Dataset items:
=== Section Start ===

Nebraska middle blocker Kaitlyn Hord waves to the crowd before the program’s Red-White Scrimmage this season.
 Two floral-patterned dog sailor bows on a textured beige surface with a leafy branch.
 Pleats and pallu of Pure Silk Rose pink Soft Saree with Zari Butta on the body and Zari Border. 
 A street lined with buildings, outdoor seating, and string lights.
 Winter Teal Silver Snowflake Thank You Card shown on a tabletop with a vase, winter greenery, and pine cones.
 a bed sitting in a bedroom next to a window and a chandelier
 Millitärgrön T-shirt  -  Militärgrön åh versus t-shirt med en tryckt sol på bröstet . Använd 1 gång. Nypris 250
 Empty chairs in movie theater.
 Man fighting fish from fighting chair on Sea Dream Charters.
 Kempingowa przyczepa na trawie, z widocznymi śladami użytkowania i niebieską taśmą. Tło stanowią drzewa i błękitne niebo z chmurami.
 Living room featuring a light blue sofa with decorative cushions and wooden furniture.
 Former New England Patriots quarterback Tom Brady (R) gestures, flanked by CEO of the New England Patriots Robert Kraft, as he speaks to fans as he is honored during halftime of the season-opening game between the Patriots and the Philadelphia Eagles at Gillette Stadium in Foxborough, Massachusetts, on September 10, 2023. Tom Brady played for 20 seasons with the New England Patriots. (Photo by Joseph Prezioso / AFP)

=== Section End ===

## Task instructions
Please give the records again exactly as they are.

## Answer section
Nebraska middle blocker Kaitlyn Hord waves to the crowd before the program’s Red-White Scrimmage this season.
 Two floral-patterned dog sailor bows on a textured beige surface with a leafy branch.
 Pleats and pallu of Pure Silk Rose pink Soft Saree with Zari Butta on the body and Zari Border. 
 A street lined with buildings, outdoor seating, and string lights.
 Winter Teal Silver Snowflake Thank You Card shown on a tabletop with a vase, winter greenery, and pine cones.
 a bed sitting in a bedroom next to a window and a chandelier
 Millitärgrön T-shirt  -  Militärgrön åh versus t-shirt med en tryckt sol på bröstet . Använd 1 gång. Nypris 250
 Empty chairs in movie theater.
 Man fighting fish from fighting chair on Sea Dream Charters.
 Kempingowa przyczepa na trawie, z widocznymi śladami użytkowania i niebieską taśmą. Tło stanowią drzewa i błękitne niebo z chmurami.
 Living room featuring a light blue sofa with decorative cushions and wooden furniture.
 Former New England Patriots quarterback Tom Brady (R) gestures, flanked by CEO of the New England Patriots Robert Kraft, as he speaks to fans as he is honored during halftime of the season-opening game between the Patriots and the Philadelphia Eagles at Gillette Stadium in Foxborough, Massachusetts, on September 10, 2023. Tom Brady played for 20 seasons with the New England Patriots. (Photo by Joseph Prezioso / AFP)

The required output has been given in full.